Unter dem Weihnachtsbaum liegen gerne Smartphones, deren Akkus regelmäßig aufgeladen werden müssen, aber auch Gartengeräte, Werkzeuge und Kinderspielsachen – die ebenfalls mit Akkus betrieben werden. „Auch jedes ferngesteuerte Auto, Flugzeug und jede Drohne ist mit einem Akku ausgestattet – oft mit hoch entwickelten Lithium - Akkus, die bei Beschädigungen oder falschem Ladevorgang sehr gefährlich sein können“, informiert Krenn weiter.

Es gibt eine Reihe von Tipps und Hinweisen für den Umgang mit Akkus bzw. Batterien, deren Berücksichtigung die (Brand-)Gefahren deutlich reduziert. Eine Zusammenfassung der Tipps und Hinweise ist auch dem Info-Folder der BVS-Brandverhütungsstelle für OÖ und des OÖ. Zivilschutzes zu entnehmen.
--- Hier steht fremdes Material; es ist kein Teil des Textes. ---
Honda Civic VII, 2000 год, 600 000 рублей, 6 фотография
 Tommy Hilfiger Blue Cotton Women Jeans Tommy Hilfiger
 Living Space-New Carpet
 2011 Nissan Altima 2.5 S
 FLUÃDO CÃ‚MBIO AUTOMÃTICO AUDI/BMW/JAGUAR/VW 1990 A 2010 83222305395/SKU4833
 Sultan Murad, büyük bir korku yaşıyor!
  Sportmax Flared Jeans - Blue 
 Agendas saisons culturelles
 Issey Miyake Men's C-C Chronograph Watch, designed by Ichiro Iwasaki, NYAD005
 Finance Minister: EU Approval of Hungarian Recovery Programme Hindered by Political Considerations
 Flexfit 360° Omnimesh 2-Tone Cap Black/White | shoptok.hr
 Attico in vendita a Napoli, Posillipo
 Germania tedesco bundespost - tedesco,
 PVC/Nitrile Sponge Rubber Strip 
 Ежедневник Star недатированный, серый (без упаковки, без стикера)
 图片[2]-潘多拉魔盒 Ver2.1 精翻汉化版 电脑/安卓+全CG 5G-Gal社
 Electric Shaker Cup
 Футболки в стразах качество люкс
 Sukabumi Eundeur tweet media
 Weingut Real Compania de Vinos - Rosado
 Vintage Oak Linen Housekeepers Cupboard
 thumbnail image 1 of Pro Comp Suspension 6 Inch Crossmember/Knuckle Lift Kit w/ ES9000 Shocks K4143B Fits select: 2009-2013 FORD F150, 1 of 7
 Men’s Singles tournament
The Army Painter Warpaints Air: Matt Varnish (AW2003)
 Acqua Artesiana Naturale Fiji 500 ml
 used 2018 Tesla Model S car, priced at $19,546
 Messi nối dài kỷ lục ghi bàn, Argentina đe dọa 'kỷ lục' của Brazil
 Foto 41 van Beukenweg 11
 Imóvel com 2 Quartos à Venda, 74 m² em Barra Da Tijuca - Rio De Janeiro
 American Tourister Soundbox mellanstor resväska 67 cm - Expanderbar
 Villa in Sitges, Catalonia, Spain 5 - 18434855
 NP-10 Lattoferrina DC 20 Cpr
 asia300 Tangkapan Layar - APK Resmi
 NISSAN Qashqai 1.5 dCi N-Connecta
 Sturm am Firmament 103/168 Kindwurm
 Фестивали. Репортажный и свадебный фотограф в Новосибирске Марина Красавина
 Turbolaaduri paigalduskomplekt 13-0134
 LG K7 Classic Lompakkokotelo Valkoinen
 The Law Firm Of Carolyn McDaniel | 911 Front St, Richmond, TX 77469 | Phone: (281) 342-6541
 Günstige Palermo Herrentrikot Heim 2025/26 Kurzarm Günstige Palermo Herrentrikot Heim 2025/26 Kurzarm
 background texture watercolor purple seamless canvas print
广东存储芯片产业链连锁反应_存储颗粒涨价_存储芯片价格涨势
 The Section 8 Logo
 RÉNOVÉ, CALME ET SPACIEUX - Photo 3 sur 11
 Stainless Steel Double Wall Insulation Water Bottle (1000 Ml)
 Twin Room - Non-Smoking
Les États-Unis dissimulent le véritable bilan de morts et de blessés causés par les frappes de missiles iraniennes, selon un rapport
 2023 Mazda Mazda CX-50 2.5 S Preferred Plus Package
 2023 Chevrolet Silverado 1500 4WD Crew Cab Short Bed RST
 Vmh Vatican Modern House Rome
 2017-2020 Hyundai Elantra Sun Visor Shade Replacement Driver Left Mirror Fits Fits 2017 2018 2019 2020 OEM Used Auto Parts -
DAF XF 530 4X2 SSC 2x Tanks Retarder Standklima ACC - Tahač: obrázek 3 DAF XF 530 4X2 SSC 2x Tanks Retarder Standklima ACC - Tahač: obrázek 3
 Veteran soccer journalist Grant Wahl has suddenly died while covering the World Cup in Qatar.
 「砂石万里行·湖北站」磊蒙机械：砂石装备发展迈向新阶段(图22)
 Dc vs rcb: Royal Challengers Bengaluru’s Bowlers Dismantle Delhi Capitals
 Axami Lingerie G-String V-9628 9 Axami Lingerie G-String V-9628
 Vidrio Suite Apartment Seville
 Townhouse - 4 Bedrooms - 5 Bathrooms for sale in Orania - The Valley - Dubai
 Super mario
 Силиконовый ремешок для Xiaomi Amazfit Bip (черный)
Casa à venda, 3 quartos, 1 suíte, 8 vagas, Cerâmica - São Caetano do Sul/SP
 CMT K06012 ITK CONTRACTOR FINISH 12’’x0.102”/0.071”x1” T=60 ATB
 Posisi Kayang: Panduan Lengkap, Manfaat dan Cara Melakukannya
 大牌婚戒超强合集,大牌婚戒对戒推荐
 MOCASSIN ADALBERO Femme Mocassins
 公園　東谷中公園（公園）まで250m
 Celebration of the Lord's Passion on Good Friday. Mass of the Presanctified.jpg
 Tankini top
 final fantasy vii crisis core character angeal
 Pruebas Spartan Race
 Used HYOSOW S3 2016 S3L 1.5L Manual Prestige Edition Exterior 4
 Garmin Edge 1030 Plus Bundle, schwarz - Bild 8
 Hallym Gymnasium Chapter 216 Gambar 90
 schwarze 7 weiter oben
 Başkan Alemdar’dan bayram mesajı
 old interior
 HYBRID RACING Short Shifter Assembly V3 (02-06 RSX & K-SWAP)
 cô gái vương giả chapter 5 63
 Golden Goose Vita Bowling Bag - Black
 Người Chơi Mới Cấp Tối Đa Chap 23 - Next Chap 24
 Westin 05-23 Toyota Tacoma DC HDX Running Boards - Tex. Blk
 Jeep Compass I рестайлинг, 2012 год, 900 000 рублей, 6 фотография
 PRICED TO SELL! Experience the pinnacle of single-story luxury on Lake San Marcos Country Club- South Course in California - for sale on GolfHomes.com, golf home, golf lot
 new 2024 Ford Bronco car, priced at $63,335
Dieser ist kostenlos bei beiden Organisationen erhältlich.

Akku-Sicherheitstaschen

Besonders hilfreich zur Reduzierung der Brandgefahr bzw. der Brandschäden durch Lithium-Ionen-Akkus sind „Akku-Sicherheitstaschen“. Die Hülle solcher Taschen besteht aus einem spritzwasserdichtem PVC-Stoff und innen aus feuerfestem Material, wie beispielsweise Glasfaser. Durch einen starken Klettverschluss wird die Tasche verschlossen und die Gefahr eines Austrittes von Flammen im Schadensfall und somit die Brandgefahr verringert. Ebenso wird das Verletzungsrisiko durch berstende Akkus im Zuge einer Überladung reduziert. Aber auch bei Verwendung einer „Akku-Sicherheitstasche“ soll der Ladevorgang auf einer nicht brennbaren Unterlage durchgeführt werden. Solche Taschen gibt es ebenfalls unter zivilschutz-shop.at.

Auf Datenschutz aufpassen

Die sogenannten „Smart Toys“ und Sprachassistenten verfügen meist nicht nur über einen brandgefährlichen Akku, sondern bergen auch Risiken, beim Datenschutz und der Privatsphäre sowie der IT-Sicherheit allgemein. Oft wird dabei vom „Spion im Wohnzimmer“ gesprochen: “Denken Sie nur an die Kameras, Mikrofone und Lautsprecher, die bei vielen Geräten benötigt werden. Andere Produkte erfordern eine Registrierung beim Hersteller. Oft ist eine Verbindung mit dem Internet über Apps, Bluetooth oder Smartphones eine Voraussetzung um ein solches ein Spielzeug überhaupt nutzen zu können. Wir raten daher, sich vor dem Kauf gründlich zu informieren, besonders kritisch im Hinblick auf Datenschutz und IT-Sicherheit zu sein und bewusst mit solchen Geräten umzugehen“, empfiehlt Zivilschutz-Vizepräsident Hermann Krenn weiter.